Promotor buku ILALANG PEREMPUAN yang terus mendorong SASA untuk melahirkan karya perdana selalu membisikkan ke telinga penulisnya bahwa puisi itu bukan soal benar atau salah.
Puisi bisa saja tunduk terhadap pendoman-pedoman yang berlaku dan berterima secara umum tetapi puisi juga bebas tak mau diikat oleh apapun. Keindahan dari puisi akan diresepsi secara subjektif dari penafsiran masing-masing pembaca. Dengan demikan kaidah rasa, juga akan ditangkap dari kesepakatan keindahan yang juga akan berbeda-beda, tak terbatas.
Di lain hal, Abdul Mukhid selaku kurator buku iLaLang Perempuan terkejut ketika melihat fisik buku dengan tata letak yang tak lazim, di mana testimoni dari tujuh belas orang mengisi setiap 3-5 halaman puisi. Masing-masing testimoni tersebut berada di halaman kanan. Sungguh sangat berani.
Mengutip Karnaval Rasa Hati di Jalan Puisi yang disematkan oleh Prof. Djoko Saryono kepada SASA dengan menyebut buku iLaLang Perempuan adalah sebenar-benarnya pengejawantahan pengertian puisi paling klasik yaitu ungkapan perasaan hati dan isi hati manusia. Sebagaimana karnaval maka SASA menyuguhkan keterhanyutan rasa sebagai parade terhadap momen-momen puitis yang tentu jauh dari suasana menghentak-hentak pembaca, jauh dari suasana pamflet.
Pertanyaan lanjut yang bergelantungan di kepala saat puisi disuguhkan adalah bagaimana jika puisi terbaca sangat terang. Pembaca tak perlu repot menerka ada tidaknya sesuatu yang disembunyikan. Apakah puisi demikian termasuk bagian dari kekunoan, makna puisi yang diterjemahkan oleh manusia-manusia sebelumnya?

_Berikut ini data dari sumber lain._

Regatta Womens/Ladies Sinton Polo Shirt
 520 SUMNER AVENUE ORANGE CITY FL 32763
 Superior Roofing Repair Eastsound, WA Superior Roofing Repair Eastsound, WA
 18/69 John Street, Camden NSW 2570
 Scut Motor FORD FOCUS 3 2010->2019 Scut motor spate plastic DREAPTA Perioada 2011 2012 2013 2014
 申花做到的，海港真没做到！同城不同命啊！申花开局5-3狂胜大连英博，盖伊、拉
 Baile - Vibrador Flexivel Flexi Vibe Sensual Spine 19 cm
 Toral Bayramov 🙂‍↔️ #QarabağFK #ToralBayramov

Menggamit judul yang tentu telah melalui prosesi matang dari sebuah kelahiran ada sebuah pertanyaan lain yang muncul. Mengapa judulnya bukan iLaLang Rindu? Sebab rindulah yang menjadi sentral puisi dan rindu juga sangat klop dengan ilalang, di mana rindu tidak berjenis kelamin, bukan?
Bagi moderator acara diskusi Dewi Alfianti (Banjarmasin) rindu adalah keluh kesah segala puisi. Rindu yang kadang hinggap tak teramat, menambat kata pada puisi. Mengharap puisi sudi menanggung derita yang dihujamkan puisi pada rongga jiwanya, dan puisi-puisi di buku SASA adalah rindu. Peserta diskusi ruang temu di sesi zoom tersebut tidak hanya dari pencinta puisi, penyair dari Indonesia saja tetapi hadir pula Tuan Harlym Yeo dari negeri jiran Malaysia yang menyempatkan diri membaca sebuah puisinya sebagai kado untuk kehidupan lebih baik di tahun kerbau logam (kalender cina).
Di penghujung diskusi, Hajriansyah mengalungkan harapan agar SASA yang telah menjejakkan langkah awal di dunia kepenyairan agar terus melangkah dengan terus menciptakan karya-karya yang bernas dan mumpuni. Semoga awal baik ini menjadi pembuka SASA untuk terus meneroka!